Mean vs. Median: A runner friend posted this last night in that social media space which must not be named: “Just read that Americans average 4000 calories per day. Mind boggled. Also really want to know the standard deviation.”
The immediate responses were mostly on the order of OMG THE JUNK-FOOD-SWALLOWING AMERICAN FATTIES. So, I countered with “This could be a right-skewed distribution, in which case the average is greater than the median.” In plain English, this means that if there are a lot of Americans who eat, say, a reasonable 2000-to-3000-calorie-per-day diet and there are fewer who eat 4000 to 6000 calories per day, the average number of calories consumed will work out to around 4000, but a lot more people are eating fewer calories. If you still don’t get it, read this. “Typical” or “average” numbers can only be trusted from bell/symmetrical curves. Furthermore, the standard deviation will tell you something in the case of a skewed distribution, but not a lot.
Naturally, my comment was glossed over and there were more responses on the order of OH THE HORRORS OF OBESITY AND THE AMERICAN FAST FOOD INDUSTRY. This one was my favorite: “I see the way a lot of ‘average’ eaters eat. It’s not good. Not good at all.” Oh, sweet mother of statistics. I had to reply. “It’s not about what average eaters consume, but the average calories consumed by this population sample. Again, the average without a mode and median, i.e. whether or not the distribution is a bell curve, is pretty pointless. Sorry, how statistics are presented in the media [and understood by the public] is a bit of a peeve of mine.”

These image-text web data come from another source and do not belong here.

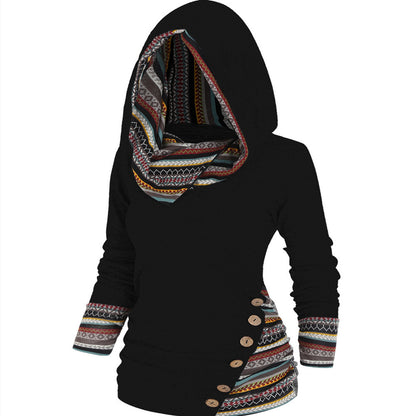 Boho-patchworkhoodie voor dames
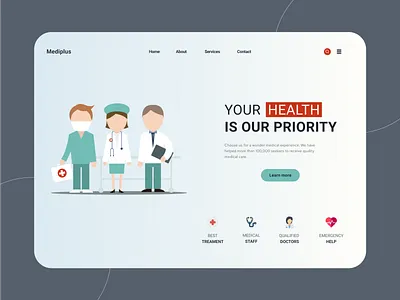Healthcare Website figma landing page design modern design ui ui design web design website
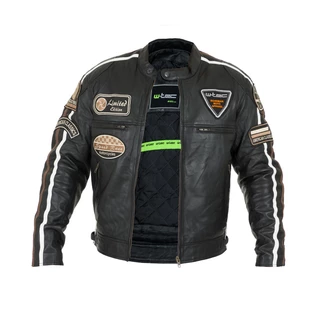Men’s Leather Motorcycle Jacket W-TEC Sheawen - S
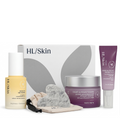 Pachet Skincare Premium (Crema Ultimate Tension + Ochi + Serum Niacinamide) + CADOU Gua Sha din jad alb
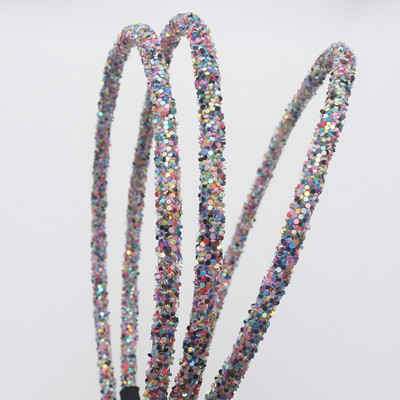 3 piese accesorii pentru păr cu sclipici pentru fete noi Benzi de păr moi pentru copii Bentite la modă Bentite pentru petrecere pentru copii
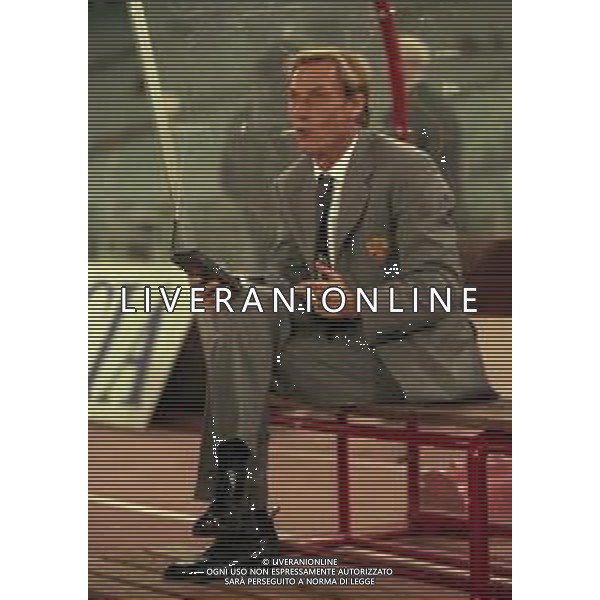 20-10-1998 ROMA- COPPA UEFA ROMA LEEDS NELLA FOTO ZDENEK ZEMAN AG ALDO LIVERANI SAS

The next time someone gives you a mean/average number to make you think it’s typical, ask for the mode and median as well.
Risk vs. Uncertainty: Both of the terms reference unknown outcomes, but there is a difference between risk and uncertainty. Please don’t use them interchangeably. If you’re uncertain whether something will succeed or not, that is a risk, not an uncertainty, i.e. you risk failure. Risk is “a set of possibilities each with quantified probabilities and quantified losses.” If you are out driving today, the risk you take is getting in an accident. There is no uncertainty involved here – you always run the risk of an accident when in a moving vehicle, a flood during rainy or hurricane season, the failure of an oil and gas well, a broken heart if in a romantic relationship, etc. Uncertainty is then used to describe the range of outcomes, i.e. How Badly? Will you be in a simple fender bender or will you be killed? Will your house flood by 0.2 inches or 20 feet? Will your failed well release 2 gallons of oil or 2 billion gallons? Will you get over your breakup in two days or be wounded forever? (Who knows? That’s where Bayes comes in. What, you don’t think the a priori probability distribution of your reaction to being dumped can be calculated?)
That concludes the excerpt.